■ **WHAT THE TASK REQUIRES**:
Beginning at the line that holds "宮野木町貸戸建のバルコニー", transcribe each line exactly through the end of the records, and leave any pictures out.

■ **RAW DATA**:
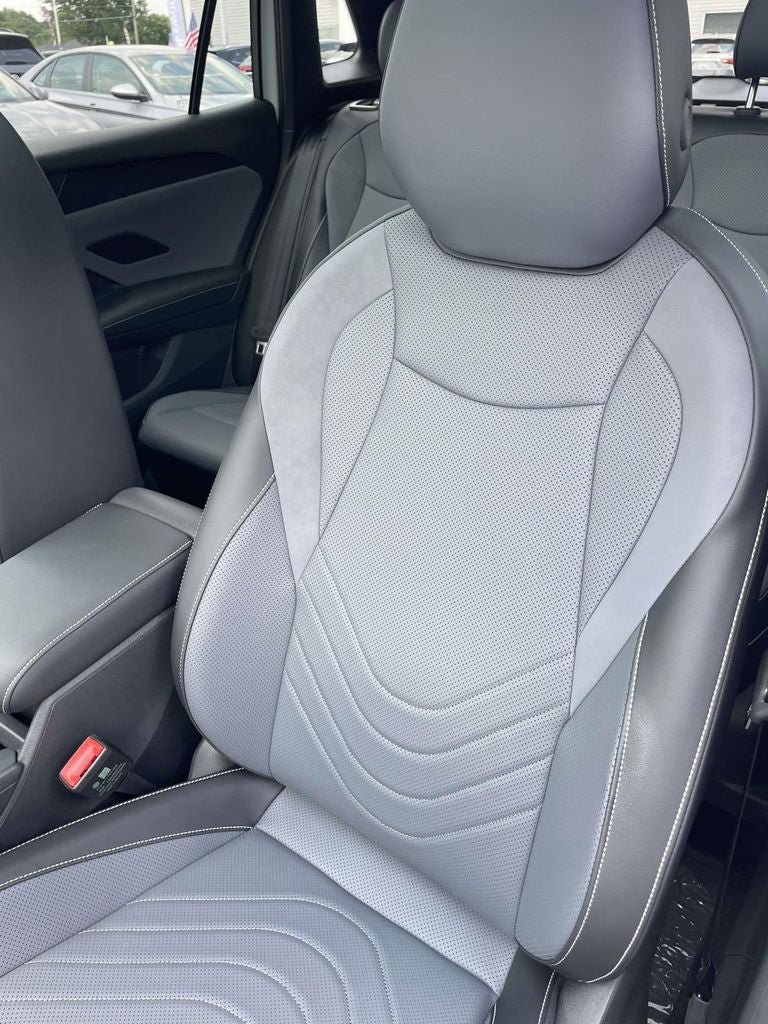 New 2026 Volkswagen Tiguan SE R-Line FWD image 36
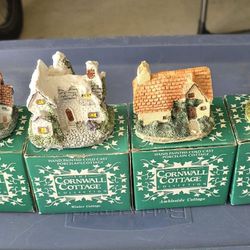 THE CORNWELL COTTAGE COLLECTION 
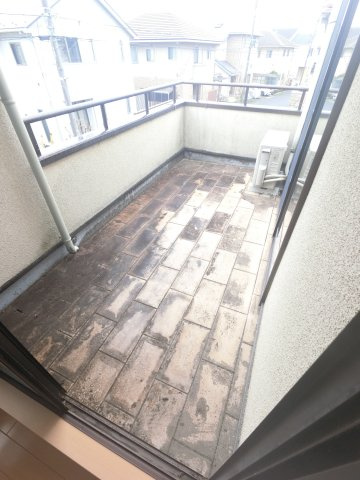 宮野木町貸戸建のバルコニー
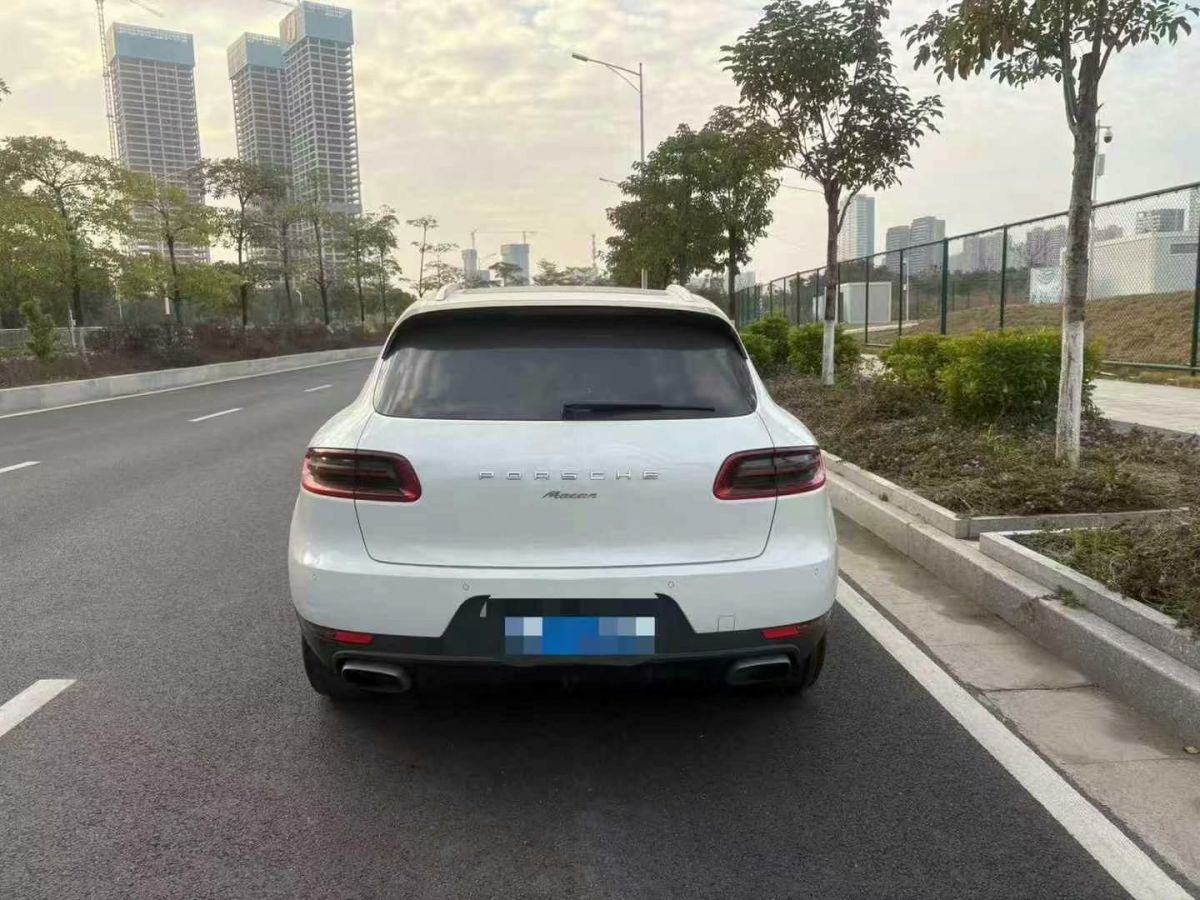 保時(shí)捷 Macan  2016款 Macan 2.0T圖片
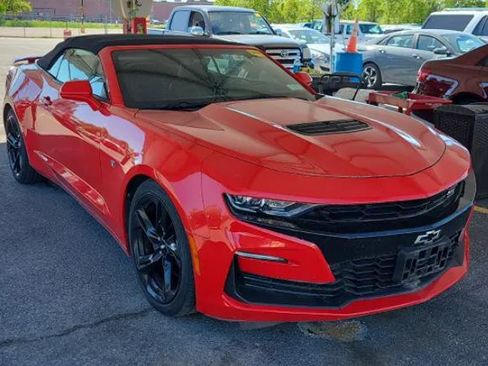 Used 2019 Chevrolet Camaro SS RWD image 2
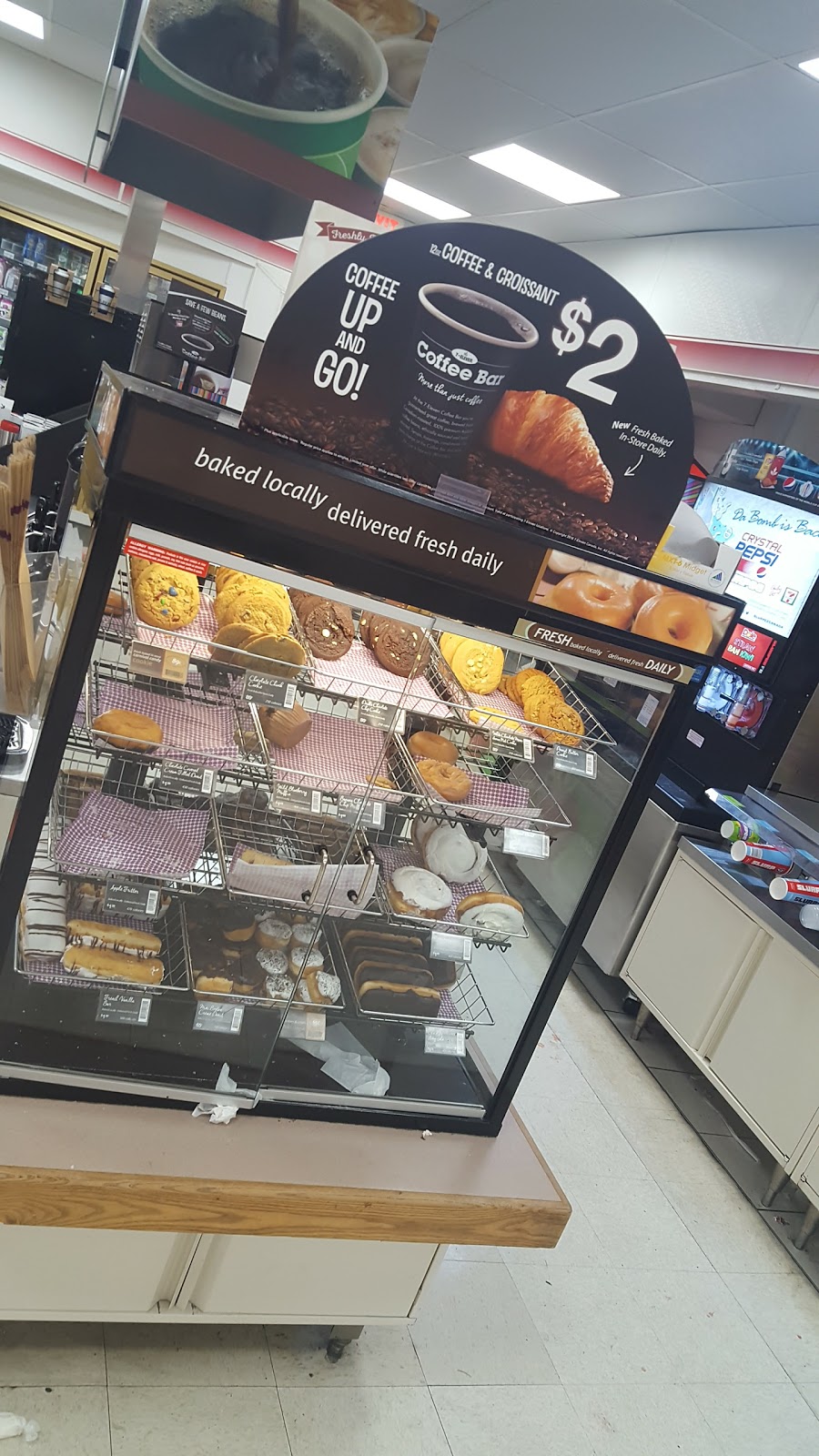 7-Eleven | 506 Fifth St, Nanaimo, BC V9R 1P1, Canada | Phone: (250) 754-5631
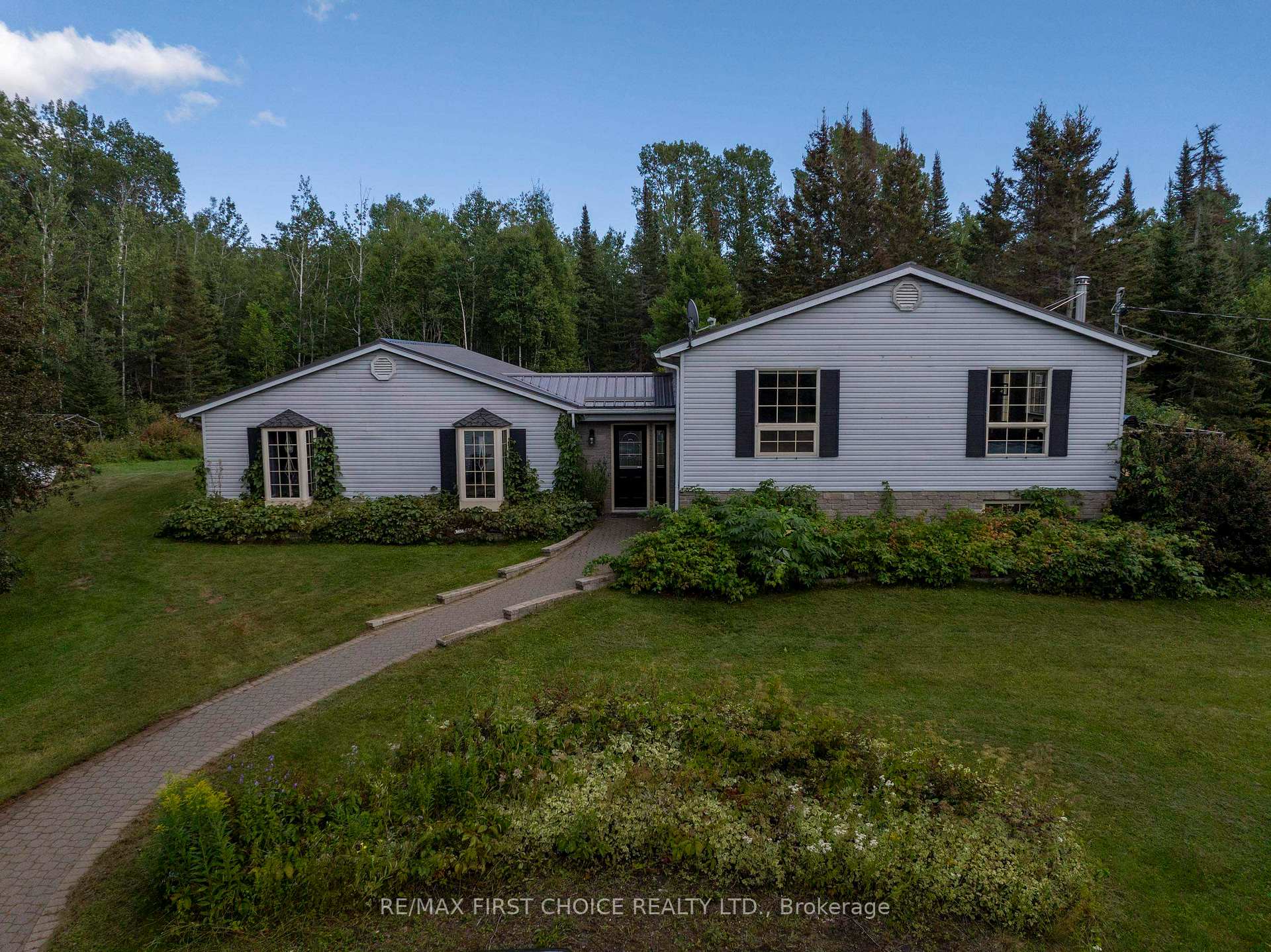 Photo 3 of 230 Gus Wouri Road, Thunder Bay, McIntyre North — HOMEH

■ **RESULT**:
 宮野木町貸戸建のバルコニー
 保時(shí)捷 Macan  2016款 Macan 2.0T圖片
 Used 2019 Chevrolet Camaro SS RWD image 2
 7-Eleven | 506 Fifth St, Nanaimo, BC V9R 1P1, Canada | Phone: (250) 754-5631
 Photo 3 of 230 Gus Wouri Road, Thunder Bay, McIntyre North — HOMEH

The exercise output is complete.